* **Data for this exercise**:
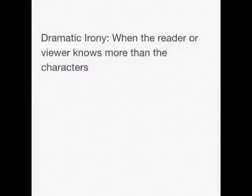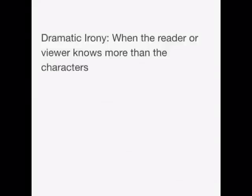Hi everybody, it's Mr. El Camusi. Today we're going to be looking at one of the types of irony called dramatic irony. Dramatic irony is when the reader or viewer knows more than the characters about what's going on in the story. This is a very common device used in films, TV shows, and programs.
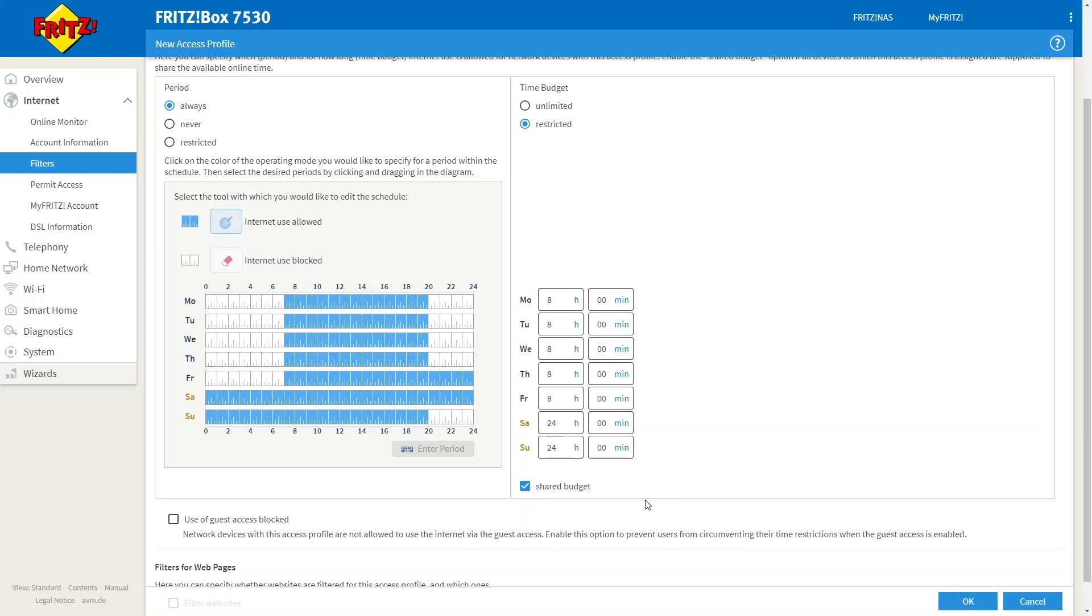If you use the guest Wi-Fi, it might be a good idea to block that from this profile as well, as that could be another way of getting around these time limits or usage blocks.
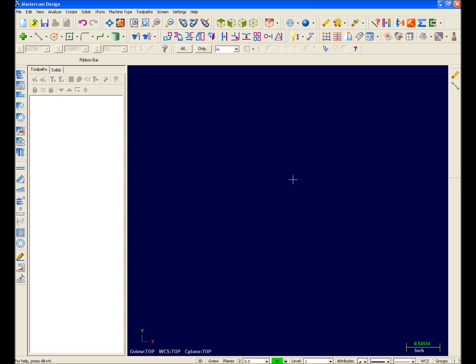At the bottom of the screen, we have the Mastercam X status bar. This contains the functionality that was formerly located in the secondary menu in previous versions of Mastercam. The status bar provides quick and easy access to, as an example,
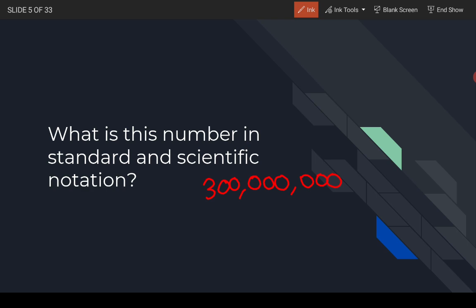So 300 million in standard form looks like 300,000,000. When you write it in scientific notation, the decimal has to start here, so it should be 3 times 10 to the — count the place values: one, two, three, four, five, six, seven, eight — 3 times 10 to the 8th meters per second. That's a lot of meters per second, so obviously the distance light covers in one second is enormous.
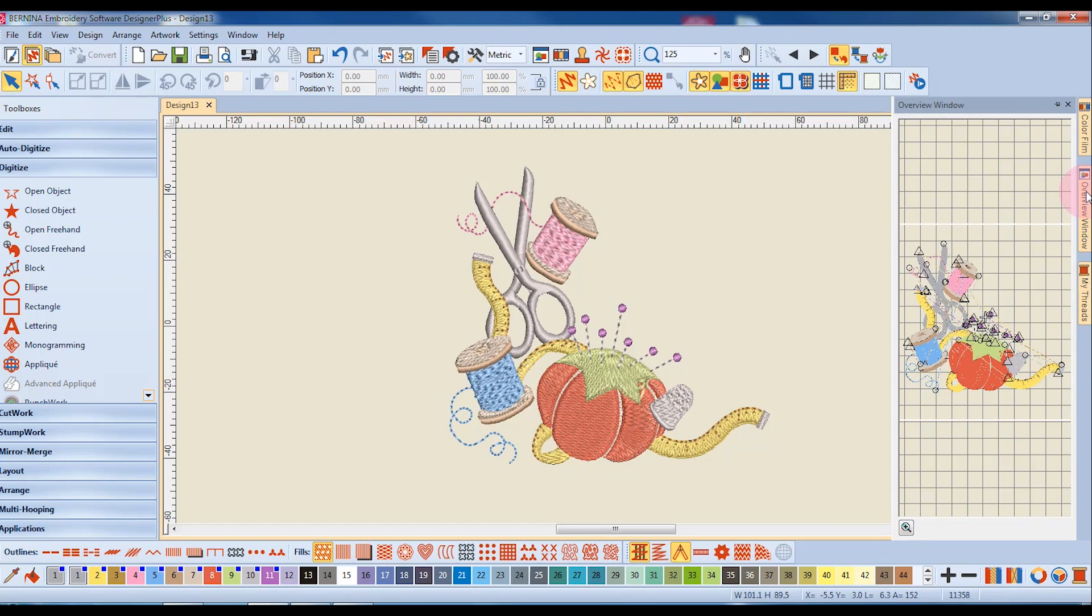The overview window gives you the big picture of a design while you're zoomed in close to an area to edit that part of the design.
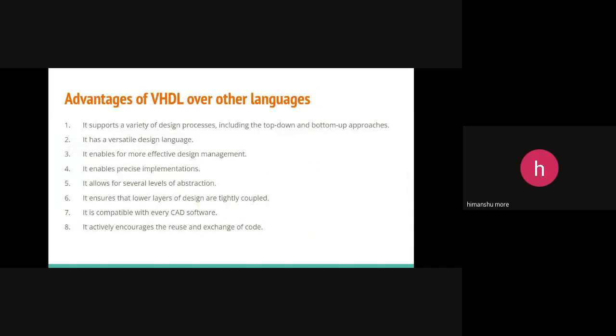I will explain the advantages of VHDL over the other languages. VHDL supports a variety of design processes including the top-down and bottom-up approaches. It also is a versatile design language. It enables for a more effective design management. VHDL also enables precise implementations and also allows for several levels of the abstraction and ensures that the lower levels of the designs are tightly coupled. VHDL is compatible with every CAD software and actively encourages the reuse and exchange of the code.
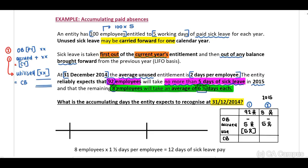The eight employees will receive five days but are going to use six and a half days. We don't know what the opening balance is — they didn't provide this to us. Based on this, we need to provide for the fact that there will be an additional one and a half days per employee that will be utilized in 2015. Therefore, the accumulating days the entity expects to recognize will be one and a half times eight employees.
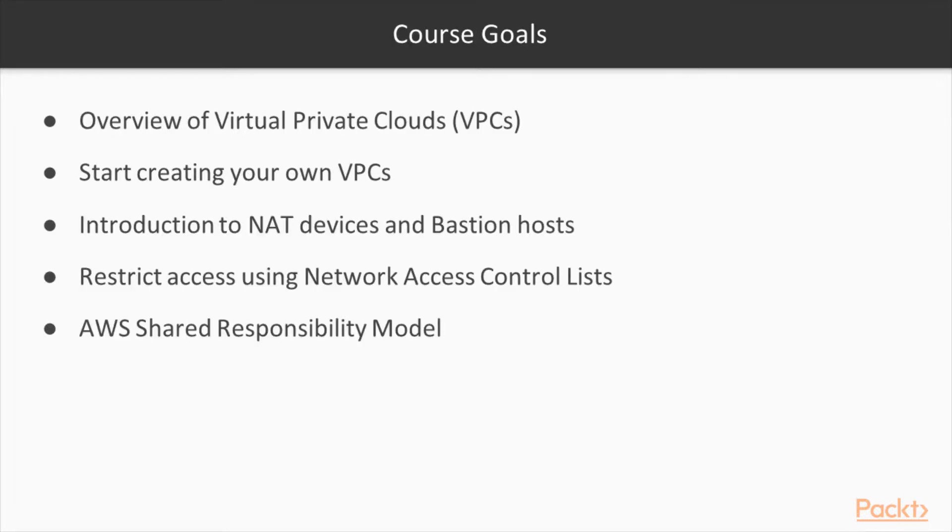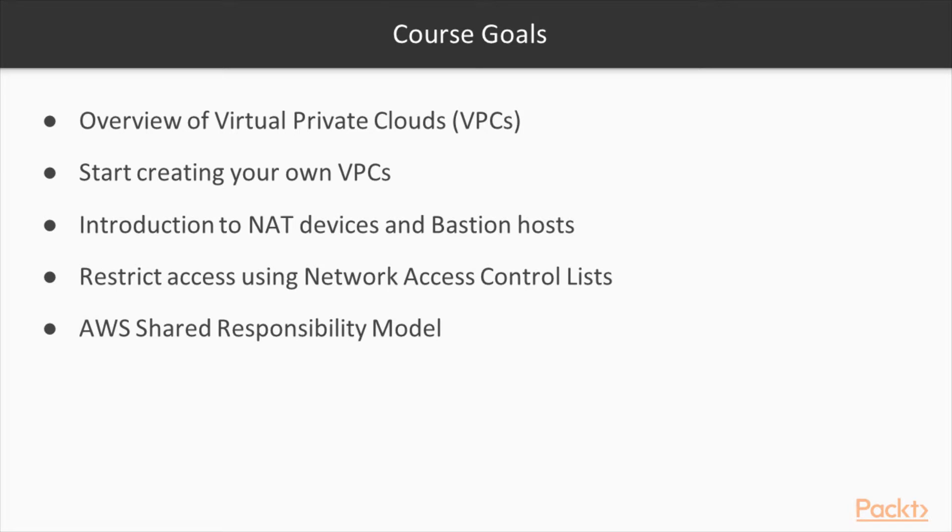By the end of the course, you will have an understanding of how to use virtual private clouds. You will be able to start creating your own VPCs. You will gain an appreciation for the power of NAT devices and bastion hosts. You will be able to create and manipulate access using network access controllers, and you will have a good understanding of the AWS shared responsibility model.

* **What you will do**: Without the pictures, give all the records above again exactly.

* **Answer to this exercise**:
Hi everybody, it's Mr. El Camusi. Today we're going to be looking at one of the types of irony called dramatic irony. Dramatic irony is when the reader or viewer knows more than the characters about what's going on in the story. This is a very common device used in films, TV shows, and programs.
If you use the guest Wi-Fi, it might be a good idea to block that from this profile as well, as that could be another way of getting around these time limits or usage blocks.
At the bottom of the screen, we have the Mastercam X status bar. This contains the functionality that was formerly located in the secondary menu in previous versions of Mastercam. The status bar provides quick and easy access to, as an example,
So 300 million in standard form looks like 300,000,000. When you write it in scientific notation, the decimal has to start here, so it should be 3 times 10 to the — count the place values: one, two, three, four, five, six, seven, eight — 3 times 10 to the 8th meters per second. That's a lot of meters per second, so obviously the distance light covers in one second is enormous.
The overview window gives you the big picture of a design while you're zoomed in close to an area to edit that part of the design.
I will explain the advantages of VHDL over the other languages. VHDL supports a variety of design processes including the top-down and bottom-up approaches. It also is a versatile design language. It enables for a more effective design management. VHDL also enables precise implementations and also allows for several levels of the abstraction and ensures that the lower levels of the designs are tightly coupled. VHDL is compatible with every CAD software and actively encourages the reuse and exchange of the code.
The eight employees will receive five days but are going to use six and a half days. We don't know what the opening balance is — they didn't provide this to us. Based on this, we need to provide for the fact that there will be an additional one and a half days per employee that will be utilized in 2015. Therefore, the accumulating days the entity expects to recognize will be one and a half times eight employees.
By the end of the course, you will have an understanding of how to use virtual private clouds. You will be able to start creating your own VPCs. You will gain an appreciation for the power of NAT devices and bastion hosts. You will be able to create and manipulate access using network access controllers, and you will have a good understanding of the AWS shared responsibility model.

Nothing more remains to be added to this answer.